La seconde histoire commence avec le groupe M à Mahale, où des chercheurs japonais de l'université de Kyoto sont arrivés en 1965 et ont entamé un programme d'habituation qui a demandé dix années de patience pour aboutir. Ce qu'ils ont découvert était une communauté de chimpanzés vivant dans un environnement fondamentalement différent : non pas la forêt étroite et accessible de Gombe, mais une forêt tropicale de montagne sur une péninsule montagneuse à Mahale descendant abruptement vers la rive opposée du même lac — une forêt qui s'étend de la plage à la lande alpine à plus de 2 000 mètres d'altitude, couvrant un territoire si vaste que les plus de soixante individus du groupe M s'y déplacent selon un calendrier de fructification que les chercheurs cartographient depuis l'époque où les Beatles enregistraient encore des disques. Il n'y a pas de routes vers Mahale. Il n'y a aucune ville dans un rayon de 60 kilomètres. On y arrive en avion léger puis en bateau, et le camp sur la plage — construit en bois de boutre recyclé, posé directement sur le sable, le lac devant et la montagne derrière — est aussi éloigné de toute infrastructure que la Tanzanie puisse l'offrir.
Réunir ces deux histoires en un seul itinéraire d'une semaine n'est pas simplement un exercice logistique. C'est une démonstration de ce que le tourisme chimpanzé peut être dans sa forme la plus réfléchie. Gombe apporte le contexte : l'histoire, la science, la compréhension de ce que sont ces animaux et de ce que leur étude a signifié pour la connaissance humaine. La forêt de Gombe est intime — la petite taille du parc fait que l'on rencontre les chimpanzés dans un cadre où la science semble présente, où l'on marche sur les mêmes sentiers qui ont produit les découvertes dont on a entendu parler. Mahale apporte l'échelle et la solitude : une forêt plus vaste, une communauté plus grande, une plage qui fait de l'après-midi suivant le trek l'un des grands plaisirs du voyage safari. Ensemble, elles produisent quelque chose qu'aucune des deux ne peut offrir seule — le sentiment d'avoir découvert l'histoire dans son intégralité.

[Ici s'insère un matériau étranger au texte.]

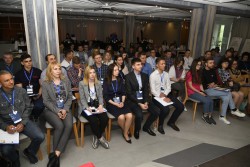 Форум "Ефективні продажі", Луцьк, 23-24.05.2019 (1 день)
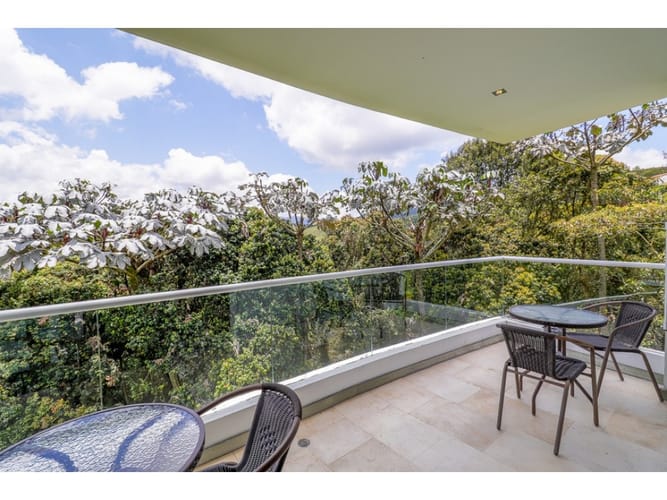 Casa de 4 alcobas en venta en Pantanillo, El Retiro, 392 m² · foto 10 de 23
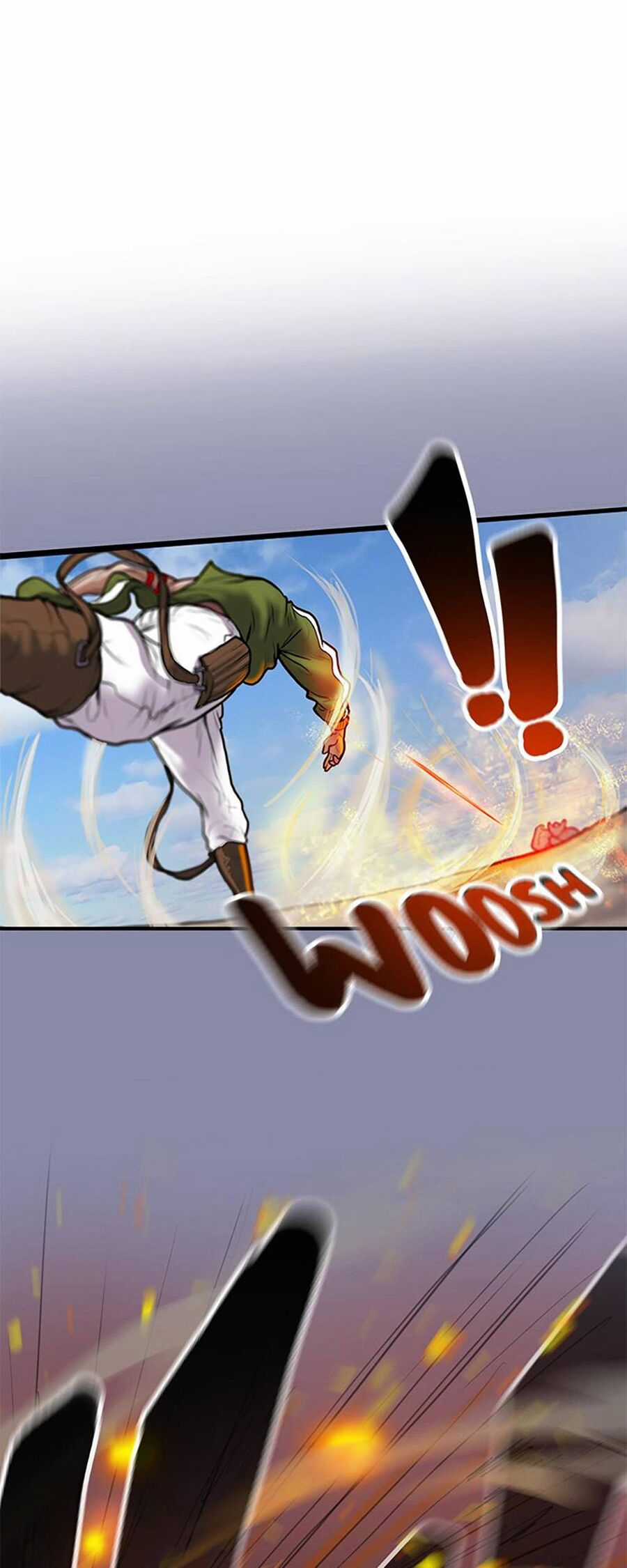 Thách Thức - Chương 16 - Trang 41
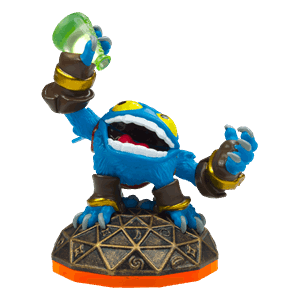 Skylanders: Giants - Pop Fizz (preowned)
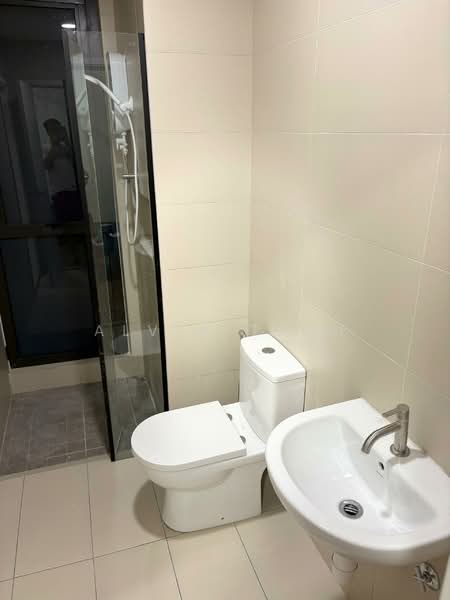 Condominium for Rent at Trinity Wellnessa - Alvin Teoh - Bathroom - PropertyGuru.com.my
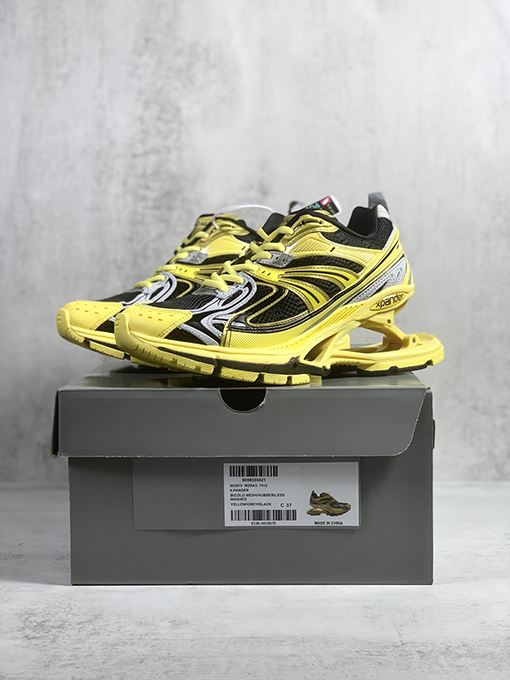 新品!!バレンシアガコピー 激安通販  スニーカー シューズ X-Pander 6.0
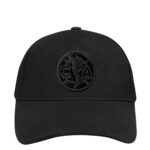 Club America Triple Back Pro Pinch Snapback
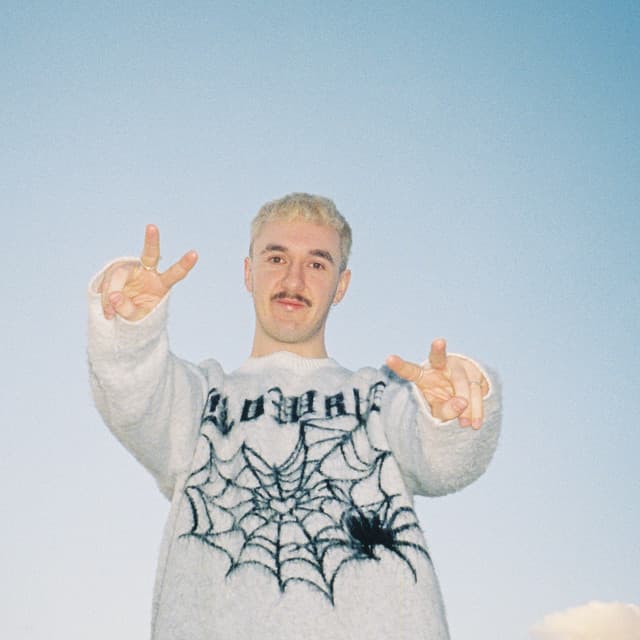 Franck artist profile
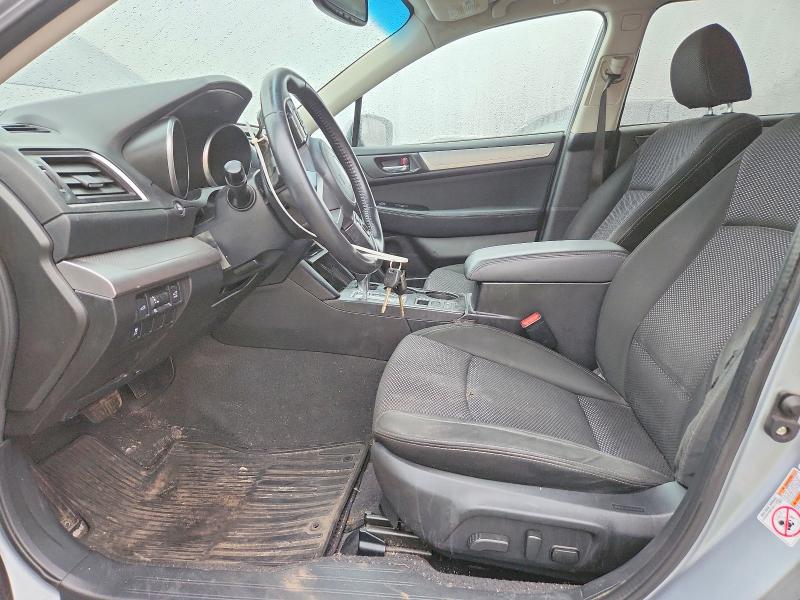 Продажа на аукционе авто 2017 Subaru Outback, vin: 4S4BSADC2H3431121, номер лота: 46026066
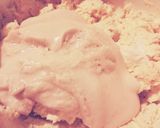 Mascarponés pogácsa🧀 recept fázis 1 fotója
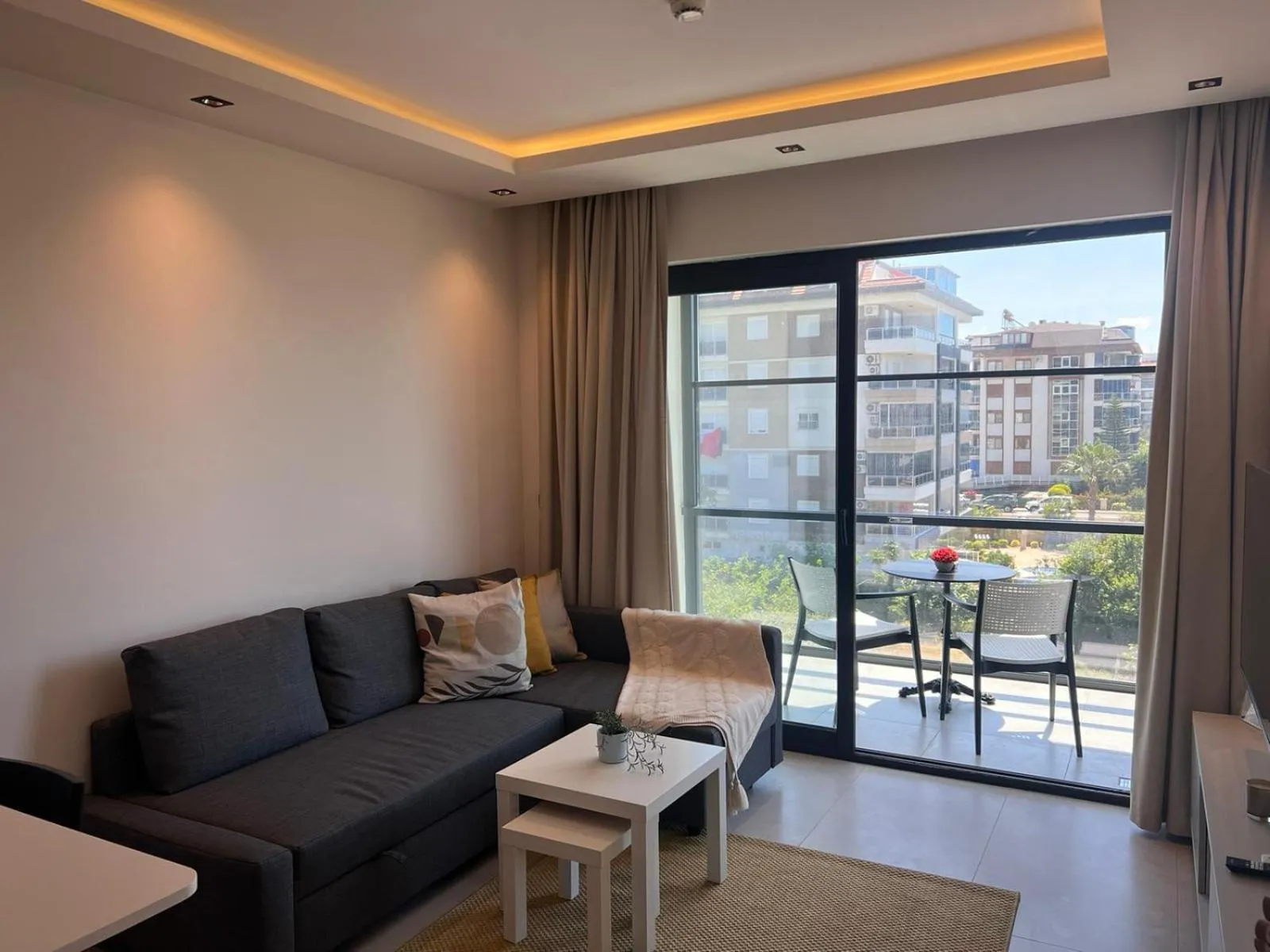 View (from property/room) in Ulu Panorama Residence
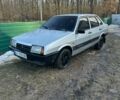 Серый ВАЗ 21099, объемом двигателя 1.5 л и пробегом 259 тыс. км за 1500 $, фото 1 на Automoto.ua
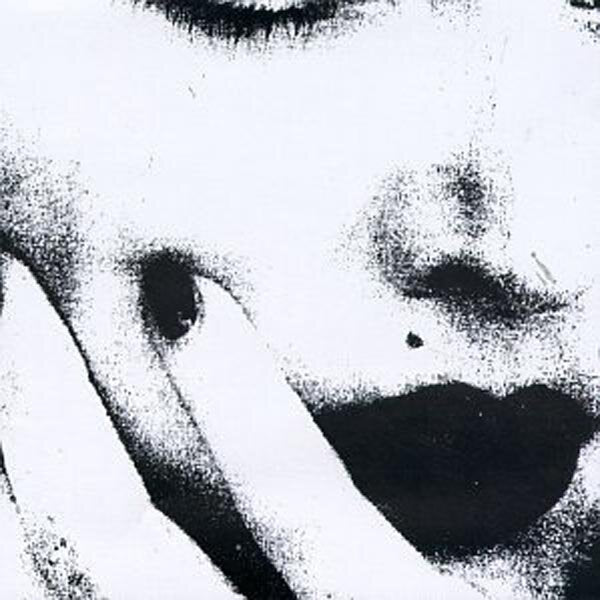 Ciccone Youth - The Whitey Album (LP)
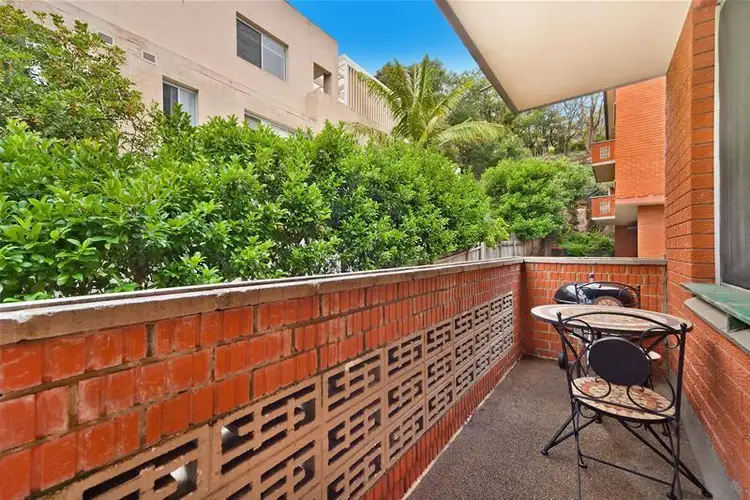 Third view of Homely unit listing, 6/57 Pacific Parade, Dee Why NSW 2099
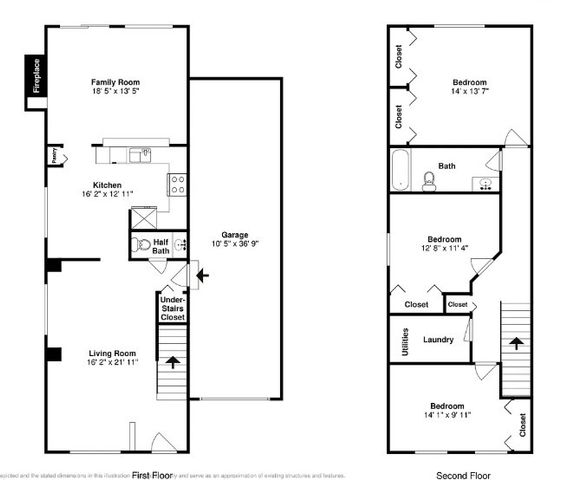 97 W Amberley Drive, Round Lake, IL 60073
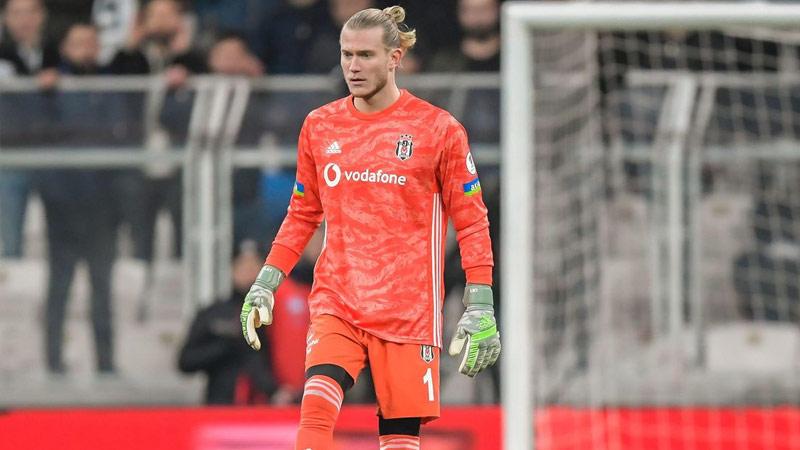 Karius'un yeni adresi belli oldu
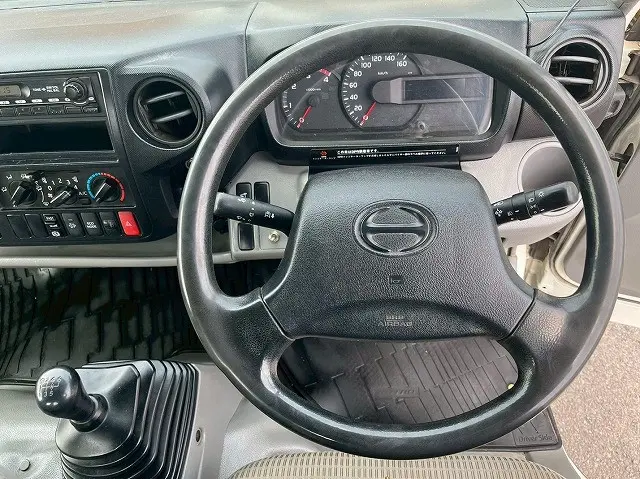 日野 デュトロ TKG-XZU720M(未入力/関係無)の写真31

L'itinéraire sur sept jours progresse d'ouest en est en termes d'isolement, en commençant par Gombe (accessible depuis Kigoma, plus petit, plus chaud dans les vallées basses) et en avançant vers Mahale (plus reculé, forêt plus vaste, la plage toujours visible sous la canopée). La transition du jour 3 — retour en bateau à Kigoma, vol charter vers l'ouest au-dessus de la péninsule de Mahale et de la surface scintillante du lac — est l'un des plus beaux moments de l'itinéraire : vous êtes dans les airs, le lac s'étalant en dessous de vous dans toute son étendue extraordinaire, et les montagnes devant vous sont l'endroit où débuteront les trois prochaines matinées.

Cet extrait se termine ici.